LACMA’s Four Abstract Classicists
Art History, Course Spotlights, Visual ArtThis two Saturday workshop takes the Los Angeles County Museum of Art’s exhibition Four Abstract Classicists as its focus, examining the 2 primary directions that emerged as alternatives to Abstract Expressionism in New York and California in the late 1950s: Assemblage Art on one hand and hard-edge and Post-Painterly abstraction on the other. It was in the late 50s that Jasper Johns, Red Grooms, Agnes Martin, Wallace Berman, Ed Moses, Robert Irwin, and Billy Al Bengston had their first solo shows, the 4 latter being presented at the historic Ferus Gallery, which was founded in Los Angeles in 1957.

Frank Stella, Gran Cairo, 1962. Alkyd on canvas, 85 1/2 x 85 1/2 in. Whitney Museum of American Art, New York.

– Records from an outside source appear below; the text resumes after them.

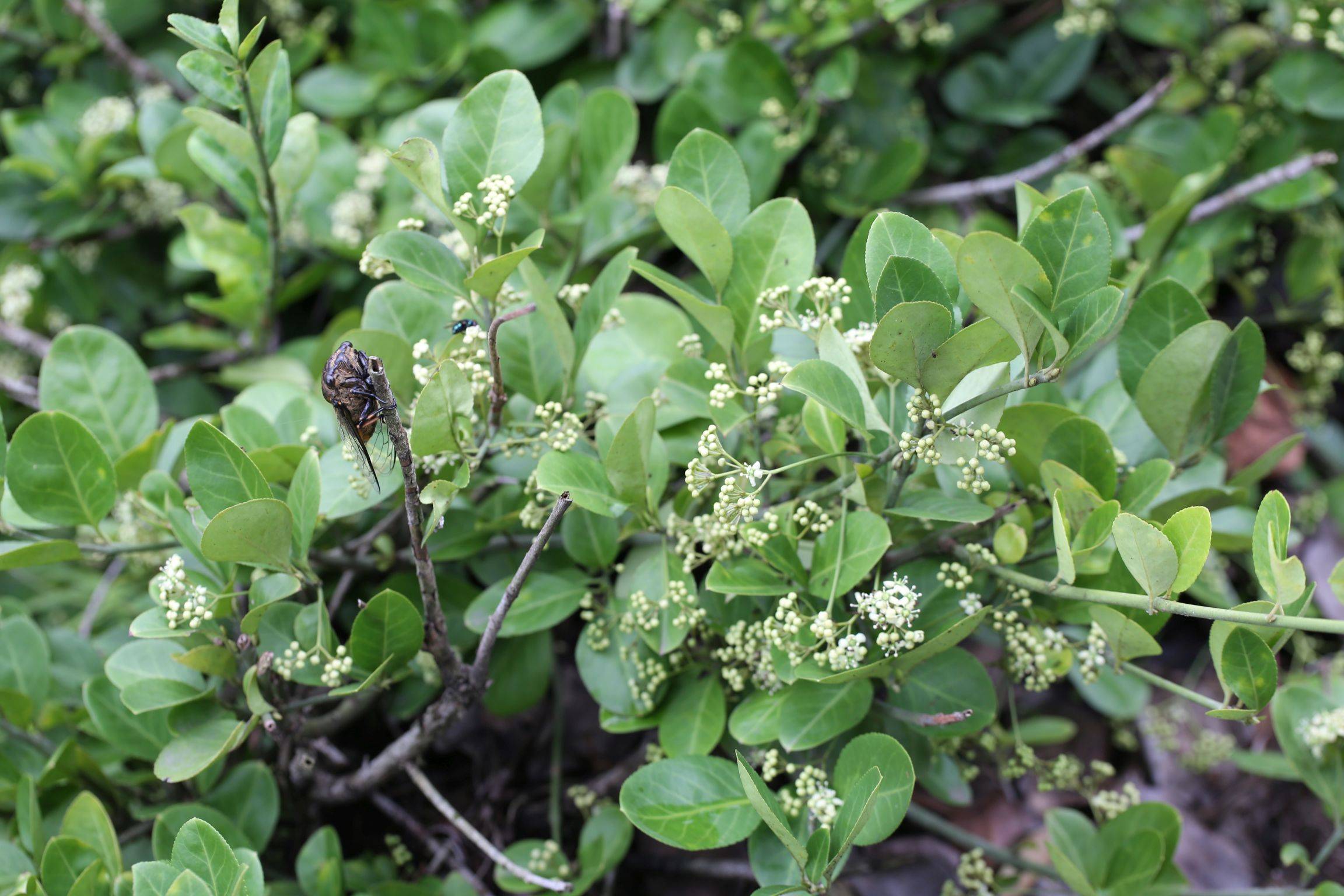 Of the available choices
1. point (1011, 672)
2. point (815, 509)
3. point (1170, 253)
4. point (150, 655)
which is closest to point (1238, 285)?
point (1170, 253)

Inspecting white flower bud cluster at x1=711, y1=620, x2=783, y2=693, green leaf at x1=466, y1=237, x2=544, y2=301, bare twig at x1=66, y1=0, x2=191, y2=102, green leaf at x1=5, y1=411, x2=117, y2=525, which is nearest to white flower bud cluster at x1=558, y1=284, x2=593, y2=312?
green leaf at x1=466, y1=237, x2=544, y2=301

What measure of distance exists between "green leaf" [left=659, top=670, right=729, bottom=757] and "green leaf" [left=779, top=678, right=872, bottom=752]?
15cm

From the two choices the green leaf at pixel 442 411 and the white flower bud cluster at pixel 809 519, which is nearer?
the green leaf at pixel 442 411

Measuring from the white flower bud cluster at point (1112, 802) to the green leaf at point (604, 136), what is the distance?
1.55 meters

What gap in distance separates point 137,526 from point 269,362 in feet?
2.06

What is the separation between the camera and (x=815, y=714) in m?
1.43

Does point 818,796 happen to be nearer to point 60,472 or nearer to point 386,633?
point 386,633

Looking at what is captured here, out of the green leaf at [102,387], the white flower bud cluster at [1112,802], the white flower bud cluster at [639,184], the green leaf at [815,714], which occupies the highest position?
the white flower bud cluster at [639,184]

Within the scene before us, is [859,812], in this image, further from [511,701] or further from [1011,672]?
[511,701]

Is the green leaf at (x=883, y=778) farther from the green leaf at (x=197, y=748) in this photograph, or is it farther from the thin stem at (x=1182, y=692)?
the green leaf at (x=197, y=748)

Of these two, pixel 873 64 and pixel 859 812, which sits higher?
pixel 873 64

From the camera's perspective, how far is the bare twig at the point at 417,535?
1145 millimetres

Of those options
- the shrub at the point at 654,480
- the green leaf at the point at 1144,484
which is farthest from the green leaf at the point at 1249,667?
the green leaf at the point at 1144,484

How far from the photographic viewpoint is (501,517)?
5.24ft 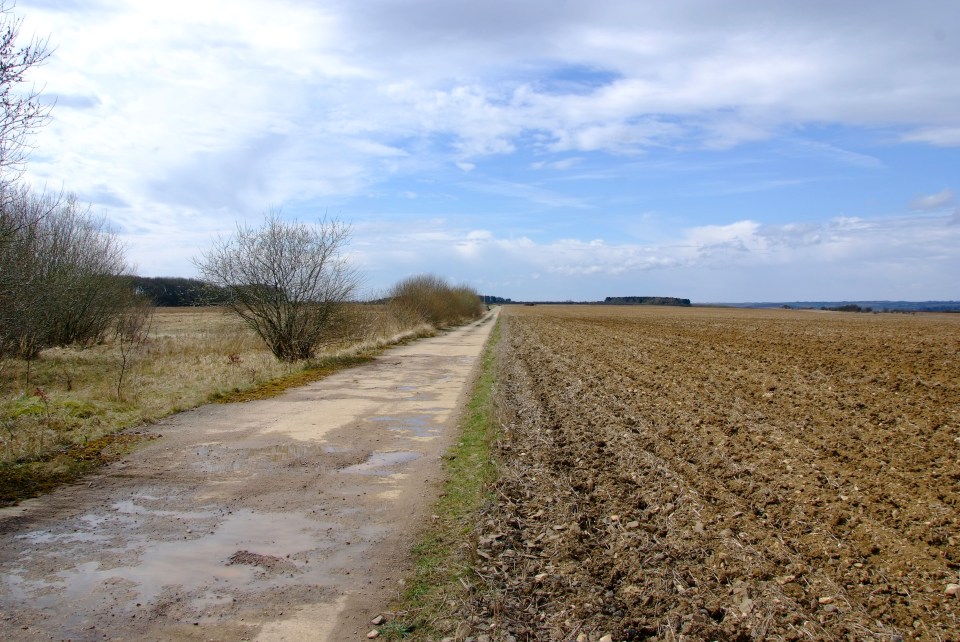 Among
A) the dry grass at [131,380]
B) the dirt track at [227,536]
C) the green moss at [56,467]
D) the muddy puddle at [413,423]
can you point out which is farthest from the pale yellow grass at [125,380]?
the muddy puddle at [413,423]

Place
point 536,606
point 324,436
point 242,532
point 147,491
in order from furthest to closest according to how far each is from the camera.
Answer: point 324,436
point 147,491
point 242,532
point 536,606

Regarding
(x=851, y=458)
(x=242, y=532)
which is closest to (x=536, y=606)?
(x=242, y=532)

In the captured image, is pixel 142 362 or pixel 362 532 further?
pixel 142 362

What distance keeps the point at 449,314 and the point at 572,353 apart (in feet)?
109

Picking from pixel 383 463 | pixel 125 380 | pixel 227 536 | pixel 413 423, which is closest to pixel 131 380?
pixel 125 380

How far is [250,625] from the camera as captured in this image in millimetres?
4312

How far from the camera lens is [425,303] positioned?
46.0 m

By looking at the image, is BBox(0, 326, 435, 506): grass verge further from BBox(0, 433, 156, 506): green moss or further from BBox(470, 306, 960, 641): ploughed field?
BBox(470, 306, 960, 641): ploughed field

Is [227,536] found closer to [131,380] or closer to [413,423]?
[413,423]

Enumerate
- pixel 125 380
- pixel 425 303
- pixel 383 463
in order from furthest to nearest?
pixel 425 303
pixel 125 380
pixel 383 463

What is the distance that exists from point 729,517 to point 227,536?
4.58 meters

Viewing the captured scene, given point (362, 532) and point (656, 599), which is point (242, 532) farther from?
point (656, 599)

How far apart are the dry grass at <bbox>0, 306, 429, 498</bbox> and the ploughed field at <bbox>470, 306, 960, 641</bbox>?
20.2 ft

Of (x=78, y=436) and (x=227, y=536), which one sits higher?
(x=78, y=436) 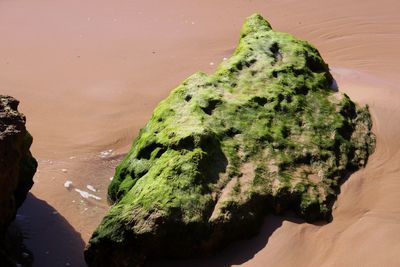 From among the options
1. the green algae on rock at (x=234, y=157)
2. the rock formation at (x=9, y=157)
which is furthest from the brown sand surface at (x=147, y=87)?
the rock formation at (x=9, y=157)

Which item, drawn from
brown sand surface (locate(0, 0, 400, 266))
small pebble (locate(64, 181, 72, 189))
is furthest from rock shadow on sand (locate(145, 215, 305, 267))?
small pebble (locate(64, 181, 72, 189))

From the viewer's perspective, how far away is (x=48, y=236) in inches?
221

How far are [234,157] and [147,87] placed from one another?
3.45m

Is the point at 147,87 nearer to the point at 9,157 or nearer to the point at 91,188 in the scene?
the point at 91,188

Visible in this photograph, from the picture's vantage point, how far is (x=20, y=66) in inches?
368

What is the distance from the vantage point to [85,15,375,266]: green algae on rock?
477cm

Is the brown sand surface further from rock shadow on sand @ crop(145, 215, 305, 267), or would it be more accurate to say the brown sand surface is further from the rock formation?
the rock formation

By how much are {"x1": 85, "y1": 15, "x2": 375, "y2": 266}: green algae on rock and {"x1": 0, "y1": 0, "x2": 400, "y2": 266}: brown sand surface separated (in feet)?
0.68

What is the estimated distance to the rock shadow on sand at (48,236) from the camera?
5.32 meters

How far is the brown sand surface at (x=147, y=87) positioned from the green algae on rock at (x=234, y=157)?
0.68 ft

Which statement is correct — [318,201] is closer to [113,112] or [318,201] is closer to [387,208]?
[387,208]

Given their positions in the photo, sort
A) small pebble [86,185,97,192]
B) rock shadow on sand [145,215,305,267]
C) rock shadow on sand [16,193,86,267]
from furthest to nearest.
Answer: small pebble [86,185,97,192], rock shadow on sand [16,193,86,267], rock shadow on sand [145,215,305,267]

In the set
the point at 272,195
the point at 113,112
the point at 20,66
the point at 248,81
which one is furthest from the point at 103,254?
the point at 20,66

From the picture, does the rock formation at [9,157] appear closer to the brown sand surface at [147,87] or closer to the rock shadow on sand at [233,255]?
the brown sand surface at [147,87]
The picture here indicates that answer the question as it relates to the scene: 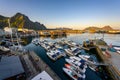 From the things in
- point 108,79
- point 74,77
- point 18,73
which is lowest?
point 108,79

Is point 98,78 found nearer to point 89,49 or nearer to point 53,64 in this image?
point 53,64

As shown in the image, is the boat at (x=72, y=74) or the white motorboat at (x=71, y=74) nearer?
the boat at (x=72, y=74)

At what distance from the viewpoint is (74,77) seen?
20094mm

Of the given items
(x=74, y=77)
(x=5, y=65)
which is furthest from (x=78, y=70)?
(x=5, y=65)

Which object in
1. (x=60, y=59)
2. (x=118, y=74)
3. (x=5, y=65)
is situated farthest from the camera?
(x=60, y=59)

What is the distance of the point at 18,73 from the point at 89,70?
1871 cm

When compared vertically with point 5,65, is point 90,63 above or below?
below

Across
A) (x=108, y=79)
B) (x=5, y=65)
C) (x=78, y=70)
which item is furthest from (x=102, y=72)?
(x=5, y=65)

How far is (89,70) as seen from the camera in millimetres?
25094

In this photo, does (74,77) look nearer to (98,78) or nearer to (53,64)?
(98,78)

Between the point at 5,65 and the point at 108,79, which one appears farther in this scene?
the point at 108,79

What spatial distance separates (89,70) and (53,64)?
37.0 feet

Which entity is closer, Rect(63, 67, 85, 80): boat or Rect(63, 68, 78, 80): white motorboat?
Rect(63, 67, 85, 80): boat

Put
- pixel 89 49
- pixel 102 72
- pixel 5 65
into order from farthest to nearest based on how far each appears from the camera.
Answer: pixel 89 49
pixel 102 72
pixel 5 65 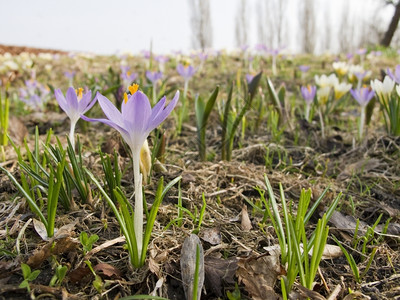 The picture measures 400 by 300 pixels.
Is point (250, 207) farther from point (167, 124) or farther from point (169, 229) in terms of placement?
point (167, 124)

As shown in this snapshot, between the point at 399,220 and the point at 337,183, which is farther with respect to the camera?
the point at 337,183

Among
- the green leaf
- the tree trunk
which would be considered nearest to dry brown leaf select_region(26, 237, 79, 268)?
the green leaf

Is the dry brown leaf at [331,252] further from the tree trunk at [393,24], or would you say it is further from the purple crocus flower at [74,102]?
the tree trunk at [393,24]

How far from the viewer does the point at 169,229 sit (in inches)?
52.4

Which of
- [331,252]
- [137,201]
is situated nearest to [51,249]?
[137,201]

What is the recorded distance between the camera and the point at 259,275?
Result: 3.52 ft

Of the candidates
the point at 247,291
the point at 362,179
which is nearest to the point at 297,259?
the point at 247,291

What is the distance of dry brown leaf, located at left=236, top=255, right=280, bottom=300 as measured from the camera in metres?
1.03

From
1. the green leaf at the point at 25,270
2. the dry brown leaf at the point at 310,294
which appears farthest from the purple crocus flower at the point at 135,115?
the dry brown leaf at the point at 310,294

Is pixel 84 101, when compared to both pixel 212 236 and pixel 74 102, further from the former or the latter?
pixel 212 236

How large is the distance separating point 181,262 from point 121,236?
0.82ft

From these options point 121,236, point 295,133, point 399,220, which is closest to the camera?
point 121,236

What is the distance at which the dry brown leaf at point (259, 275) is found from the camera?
103 centimetres

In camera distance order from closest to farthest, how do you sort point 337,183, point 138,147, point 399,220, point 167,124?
point 138,147 → point 399,220 → point 337,183 → point 167,124
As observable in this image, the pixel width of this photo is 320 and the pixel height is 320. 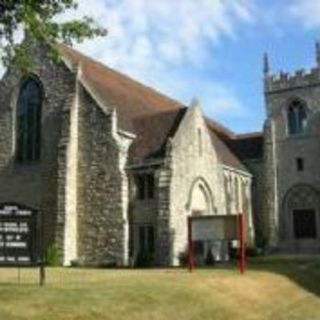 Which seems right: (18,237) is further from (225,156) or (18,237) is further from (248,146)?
(248,146)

It was also at this time that Robert Rauschenberg unveiled a large group of Combines, John Chamberlain showed sculptures made of automobile parts, Louise Nevelson exhibited her first environment, and Frank Stella, Kenneth Noland, and Robert Ryman turned their attention to painting stripes, targets, and monochromes, respectively. This short course examines the various manifestations of these tendencies and traces their evolution into Fluxus, Pop Art, and Minimalism by the early 1960s.